Get the trader to fix any spotted faults within the price.
You'll save the price of fixing a fault later if you can get the trader to do it for free. Independent traders often try to reduce their bills by waiting for sellers to point out problems. If they don't spot them then that's one bit of work they don't have to carry out. Usually if you alert them to, say, bald tyres or a sticky electric window, they'll be willing to fix it within the price. Just make sure you haven't already agreed a price. Do that and the cost of sorting the problem will be tacked on.
Buy an LPG-converted car
At 52p a litre, liquid petroleum gas is a very cheap fuel to run your car on. The conversion to fit a second tank and connect it to your injection system costs more than £1000, but plenty of cars have already been converted, making them a great used buy. Autotrader lists around 700 LPG-converted cars, starting from as low as £400. The engine uses around a third more LPG than petrol, so fuel costs aren't halved, no matter what the seller says, but there's still a saving to be had. Around 1300 garages sell LPG in the UK.
Buy from a supermarket
Supermarkets work on the pile-em (park-em?) high principle, and are often the cheapest place for used cars up to three years old.

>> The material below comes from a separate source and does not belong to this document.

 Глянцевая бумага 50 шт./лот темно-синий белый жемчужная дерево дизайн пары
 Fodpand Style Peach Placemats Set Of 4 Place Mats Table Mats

Motors are sourced from fleets, hire companies or the manufacturers themselves, given a cursory once-over and then priced to sell. Famous names include Motorpoint, Car Giant and Carcraft and all stick to a similar formula. Sales are low-pressure, there's little or no haggling and test-drives are either brief or non-existent.
Avoid buying from franchised dealers
The cheapest second-hand car will never come from a franchised dealer. They make good money from their used car business and do so by charging top dollar. They do that by guaranteeing the quality via approved used schemes, but even cars they sell outside these quality-control schemes will be offered with some sort of warranty. This gives peace of mind, but leaves precious little in the bank account. The exception to this rule is for nearly new cars. For reasons not dictated by used-car economics (eg pre-registering to meet targets), the dealer becomes the best place to shop.